最後に、PTCDI電極でのH2発生とSEI被膜形成について調べるために、電解液の濃度を変えて、OEMS測定を行いました。その結果、通常濃度の電解液(1 mol/kg)では-0.9 Vで連続的な水素発生が生じましたが、高濃度電解液(55 mol/kg)では-1.4 Vよりも低い電位まで掃引したときにはじめて水素発生することが明らかとなりました。


本研究を主導した駒場教授は「リチウムイオン電池は資源制約の観点から安定供給に対する不安や価格高騰が危惧されています。資源制約のないカリウムイオン電池はこの問題に対する画期的な解決策となる可能性を秘めています。
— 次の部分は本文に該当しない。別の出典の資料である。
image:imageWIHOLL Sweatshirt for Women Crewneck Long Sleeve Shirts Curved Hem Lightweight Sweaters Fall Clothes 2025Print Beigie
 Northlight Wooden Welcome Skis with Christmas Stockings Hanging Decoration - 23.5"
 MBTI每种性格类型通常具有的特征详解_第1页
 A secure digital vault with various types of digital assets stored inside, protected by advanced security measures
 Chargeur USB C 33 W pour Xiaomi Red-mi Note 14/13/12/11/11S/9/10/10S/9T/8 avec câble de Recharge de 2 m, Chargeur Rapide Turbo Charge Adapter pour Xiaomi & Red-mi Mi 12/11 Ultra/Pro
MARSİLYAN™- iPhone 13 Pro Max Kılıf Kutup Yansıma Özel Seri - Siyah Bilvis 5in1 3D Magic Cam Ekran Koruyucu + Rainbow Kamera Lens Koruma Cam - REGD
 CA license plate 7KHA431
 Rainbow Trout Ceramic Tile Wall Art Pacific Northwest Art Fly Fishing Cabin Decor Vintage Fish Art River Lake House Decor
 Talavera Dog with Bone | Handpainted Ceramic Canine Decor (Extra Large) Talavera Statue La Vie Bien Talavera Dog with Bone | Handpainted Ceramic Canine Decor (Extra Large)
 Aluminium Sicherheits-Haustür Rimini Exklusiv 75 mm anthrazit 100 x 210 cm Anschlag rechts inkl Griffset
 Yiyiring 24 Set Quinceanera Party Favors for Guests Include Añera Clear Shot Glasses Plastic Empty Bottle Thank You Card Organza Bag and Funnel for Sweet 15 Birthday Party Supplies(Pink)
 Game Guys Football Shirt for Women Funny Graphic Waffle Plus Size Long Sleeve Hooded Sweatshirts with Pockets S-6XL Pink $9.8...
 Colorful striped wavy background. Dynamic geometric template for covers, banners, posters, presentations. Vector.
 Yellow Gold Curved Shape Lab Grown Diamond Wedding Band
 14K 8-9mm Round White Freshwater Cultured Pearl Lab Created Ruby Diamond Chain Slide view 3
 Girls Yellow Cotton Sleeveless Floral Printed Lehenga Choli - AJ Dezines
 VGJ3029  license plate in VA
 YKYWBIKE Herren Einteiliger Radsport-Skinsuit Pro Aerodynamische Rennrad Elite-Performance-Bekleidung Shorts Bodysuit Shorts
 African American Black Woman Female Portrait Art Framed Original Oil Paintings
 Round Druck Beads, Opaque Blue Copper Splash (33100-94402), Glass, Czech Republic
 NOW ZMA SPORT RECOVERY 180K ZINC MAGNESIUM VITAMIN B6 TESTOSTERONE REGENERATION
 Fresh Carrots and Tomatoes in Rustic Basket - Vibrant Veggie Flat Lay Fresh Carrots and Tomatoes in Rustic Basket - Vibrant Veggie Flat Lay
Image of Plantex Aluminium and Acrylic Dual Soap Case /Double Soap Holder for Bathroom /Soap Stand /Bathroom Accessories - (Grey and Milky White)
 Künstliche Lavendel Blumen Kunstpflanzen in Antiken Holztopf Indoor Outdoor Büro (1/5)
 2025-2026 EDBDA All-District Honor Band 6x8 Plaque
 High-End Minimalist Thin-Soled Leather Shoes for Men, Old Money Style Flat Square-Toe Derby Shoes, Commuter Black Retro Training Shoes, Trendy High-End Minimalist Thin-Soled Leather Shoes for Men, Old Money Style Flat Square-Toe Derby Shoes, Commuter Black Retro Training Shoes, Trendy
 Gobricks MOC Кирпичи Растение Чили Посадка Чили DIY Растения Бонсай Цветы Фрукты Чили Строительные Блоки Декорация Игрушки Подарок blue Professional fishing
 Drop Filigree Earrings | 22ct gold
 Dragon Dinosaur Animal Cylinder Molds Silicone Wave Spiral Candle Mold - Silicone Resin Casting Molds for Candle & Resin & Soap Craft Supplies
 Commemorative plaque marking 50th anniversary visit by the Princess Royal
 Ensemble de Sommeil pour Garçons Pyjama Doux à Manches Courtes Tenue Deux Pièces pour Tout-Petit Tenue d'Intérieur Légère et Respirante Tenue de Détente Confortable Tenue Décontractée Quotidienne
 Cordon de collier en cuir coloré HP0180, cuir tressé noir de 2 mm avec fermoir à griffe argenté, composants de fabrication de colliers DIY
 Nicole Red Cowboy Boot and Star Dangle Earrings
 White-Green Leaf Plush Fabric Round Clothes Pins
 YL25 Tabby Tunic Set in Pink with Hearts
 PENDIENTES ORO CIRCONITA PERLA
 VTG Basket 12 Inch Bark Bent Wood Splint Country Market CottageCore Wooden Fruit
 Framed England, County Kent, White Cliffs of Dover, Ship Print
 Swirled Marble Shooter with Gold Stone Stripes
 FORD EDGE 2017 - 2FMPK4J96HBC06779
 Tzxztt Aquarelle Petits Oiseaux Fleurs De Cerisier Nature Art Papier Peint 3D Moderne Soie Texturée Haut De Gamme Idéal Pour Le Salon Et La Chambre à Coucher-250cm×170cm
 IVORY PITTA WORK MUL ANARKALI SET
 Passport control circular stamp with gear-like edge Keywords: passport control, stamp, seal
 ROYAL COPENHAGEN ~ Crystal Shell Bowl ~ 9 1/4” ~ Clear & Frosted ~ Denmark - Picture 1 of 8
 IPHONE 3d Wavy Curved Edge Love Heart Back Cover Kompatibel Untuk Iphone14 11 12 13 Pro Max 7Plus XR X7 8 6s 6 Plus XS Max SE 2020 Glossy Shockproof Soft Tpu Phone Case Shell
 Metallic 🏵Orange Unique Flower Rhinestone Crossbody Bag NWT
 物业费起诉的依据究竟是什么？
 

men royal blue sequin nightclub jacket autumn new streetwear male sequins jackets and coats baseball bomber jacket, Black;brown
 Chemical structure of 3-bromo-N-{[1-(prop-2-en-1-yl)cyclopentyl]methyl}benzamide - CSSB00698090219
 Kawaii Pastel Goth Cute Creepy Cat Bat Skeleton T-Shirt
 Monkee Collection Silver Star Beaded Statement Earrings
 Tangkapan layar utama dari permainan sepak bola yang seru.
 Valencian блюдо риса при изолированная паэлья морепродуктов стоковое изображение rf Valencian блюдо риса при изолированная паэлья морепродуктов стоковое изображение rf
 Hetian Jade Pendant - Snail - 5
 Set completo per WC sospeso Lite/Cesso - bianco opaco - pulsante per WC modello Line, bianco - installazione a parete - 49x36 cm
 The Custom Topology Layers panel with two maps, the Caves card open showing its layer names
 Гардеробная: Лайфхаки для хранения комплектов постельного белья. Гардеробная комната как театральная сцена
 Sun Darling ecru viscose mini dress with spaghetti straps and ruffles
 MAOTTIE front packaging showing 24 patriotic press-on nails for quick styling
また、本研究は、⾛査型電気化学顕微鏡の専門家であり、アメリカで学位を取得したZachary T. Gossageプロジェクト研究員が、カリウムイオン電池の先駆的研究に取り組む当研究室に着任して行った協奏的な研究結果であることも、特筆すべき点です」と、研究の意義を語っています。


※本研究は、科学技術振興機構の戦略的創造研究推進事業(JST-CREST, JPMJCR21O6)、文部科学省 データ創出・活用型マテリアル研究開発プロジェクト(JPMXP1121467561)、日本学術振興会の科研費(JP20H02849)、東電記念財団の助成を受けて実施されました。


【用語】

※1 走査型電気化学顕微鏡(SECM): 電気化学反応を利用して、試料表面の局所的な情報をその場測定できる分析装置。


※2 オペランド電気化学質量分析法(OEMS): 電池の充放電を行いながら、電解液の質量分析を行う手法。電解液中の動的過程を観察することができる。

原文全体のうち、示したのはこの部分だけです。